USD/JPY halts a two-day winning streak possibly on the back of upbeat Chinese economic data. The spot price trades lower near 149.80 during the European session on Wednesday. However, the USD/JPY is benefiting from the upbeat Retail Sales from the United States (US), buoyed by higher US Treasury yields.
Chinese Gross Domestic Product exceeded market consensus in the third quarter, reporting a growth of 1.3% compared to the anticipated 1.0%. The yearly based report for the same quarter revealed a 4.9% increase, surpassing the expected 4.4%.
Moreover, China's Retail Sales (YoY) rose by 5.5%, surpassing both the previous figure of 4.6% and the expected 4.9%.
Japanese Finance Minister Shunichi Suzuki declined to comment on currency intervention following remarks from an International Monetary Fund (IMF) official on Tuesday.
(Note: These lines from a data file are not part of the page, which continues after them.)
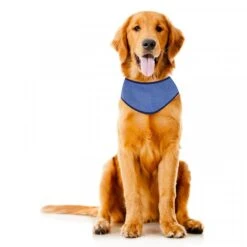 Zoon Uber-Activ Cooling Bandana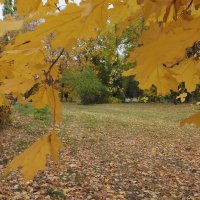 Осень :: Игорь Ковалев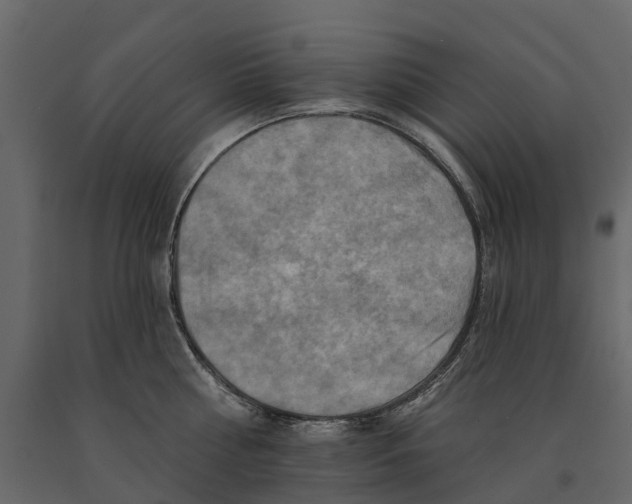 X0000090930810200708271043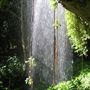 Dorrigo National Park Dorrigo Attractions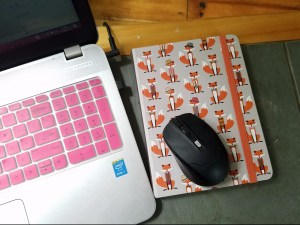 Better Beauty Vermont Fox Journal- keep a journal on your desk to help organize your mind and reduce stress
Suzuki stated that there was no necessity to delve into the specific factors influencing the currency.
Media reported on Tuesday that the Bank of Japan was contemplating revising its core Consumer Price Index (CPI) forecast for the fiscal years 2023 and 2024 while maintaining its inflation forecast for 2025.
The dovish outlook, combined with generally optimistic risk sentiment, may persist in weakening the safe-haven Japanese Yen (JPY), indicating a higher likelihood of an upward trend for the USD/JPY pair.
Investors might observe interventions by Japanese authorities in the foreign exchange market aimed at strengthening their currency, which could exert downward pressure on the USD/JPY pair.
US Retail Sales in the US exceeded expectations, rising to 0.7% in September instead of the expected 0.3%. The Retail Sales Control Group also saw a significant increase of 0.6%, up from the previous 0.2%. Meanwhile, US Industrial Production improved by 0.3%, defying expectations of stagnation at 0.0%.
The positive Chinese data could exert minor pressure on the US Dollar Index (DXY) struggled to maintain intraday gains, hovering around 106.20. On a positive note, US Treasury yields improved, reaching 4.85% for the 10-year US Treasury bond, potentially giving support to the Greenback.
Market watchers are likely keen on understanding the Federal Reserve's monetary policy trajectory, especially after dovish remarks from officials. Richmond Fed President Thomas Barkin suggested that the current policy is already restrictive, expressing uncertainty about the upcoming FOMC meeting in November. Furthermore, Minneapolis Federal Reserve Bank President Neel Kashkari emphasized that inflation has persisted longer than expected, aligning with the dovish stance of several other Fed officials.
Investor attention is expected to focus on US housing data and Fed officials' speeches on Wednesday. Additionally, Japanese inflation data on Friday, the National Consumer Price Index (CPI) ex-Fresh Food for September, is anticipated to show a year-on-year increase of 2.7%, down from the previous reading of 3.1%.